Ces sanctions empêchent ce pays, gros producteur, de mettre son surplus de production sur le marché international des céréales et des engrais. Ces sanctions ont déjà eu un impact négatif sur les prix internationaux de ces produits ;

D'autre part, l'Union européenne a, depuis plus d'une année, à la demande de certains de ses pays membres, et malgré les protestations des autorités ukrainiennes , suspendu les importations de produits agricoles en provenance de l'Ukraine, aboutissant donc à l'augmentation des prix de ces produits sur cet espace politique et économique, permettant à ces pays de spéculer sur leurs produits, et en même temps , réduisant leurs propres surplus agricoles qui pourraient être vendus sur les marchés internationaux ;

Mettre le blâme de la situation éventuelle de crise alimentaire dans les pays les plus pauvres et les plus vulnérables, sur la seule Russie, sans tenir compte des conséquences de décisions unilatéralement prises par les membres de la coalition, et ayant un impact direct ou indirect sur le marché international des produits alimentaires, ne reflète nullement la réalité de la situation dans cette affaire ;

Certains Etats, se présentant comme alliés indéfectibles de l'Ukraine et amis des « pays les plus pauvres du monde, » mettent à profit pour engranger des gains monétaires importants, tout en faisant porter tout le poids de la responsabilité de cette situation de rareté artificielle et de spéculation sur le dos d'un seul pays, si ce n'est d'un seul homme.
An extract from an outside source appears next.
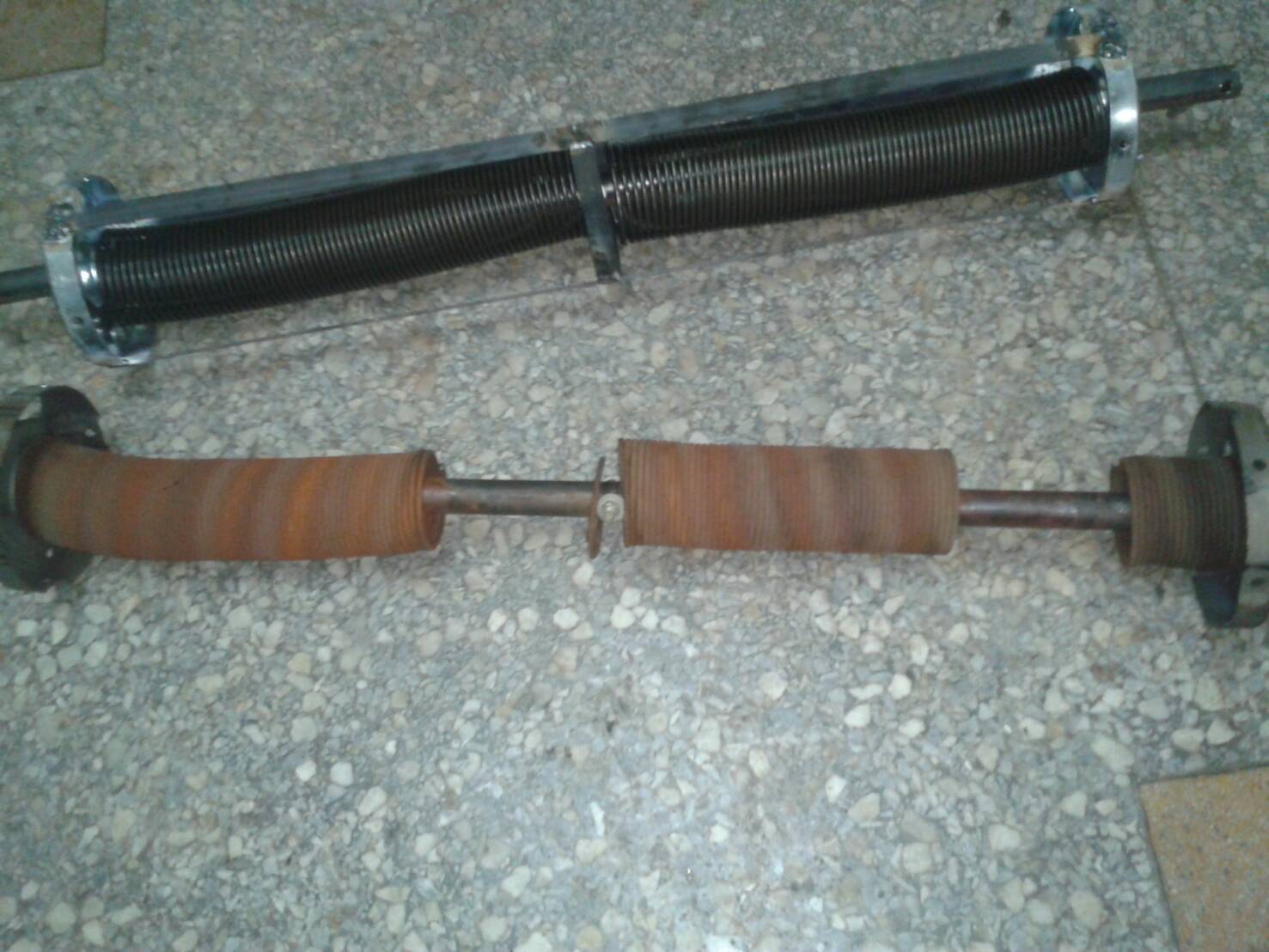 手拉捲門彈簧，舊換新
Affamer les peuples pour les forcer à résipiscence n'est nullement une stratégie nouvelle de la part des « donneurs autoproclamés internationaux de leçons de morale et d'humanisme ». Qui ne se souvient pas de la tragédie « du pétrole contre la nourriture » qui aurait tué plus de deux millions d'enfants, dans un pays contre lequel ce type particulièrement vicieux et barbare de siège a été imposé pendant prés de dix années ?

L'amour fou manifesté à la cause ukrainienne s'est-il transforme en étreinte de la mort non seulement pour l'Ukraine, mais également pour toute l'humanité ?

Il serait particulièrement souhaitable et opportun que les hautes instances internationales s'attaquent à tous les aspects de cette question, et exigent que toutes les parties en cause prennent, quoiqu'il en coûte, les mesures indispensables pour en finir avec cette situation qui risque de tourner au tragique, car elle nuit particulièrement aux pays les plus pauvres et aux peuples les plus démunis de la planète.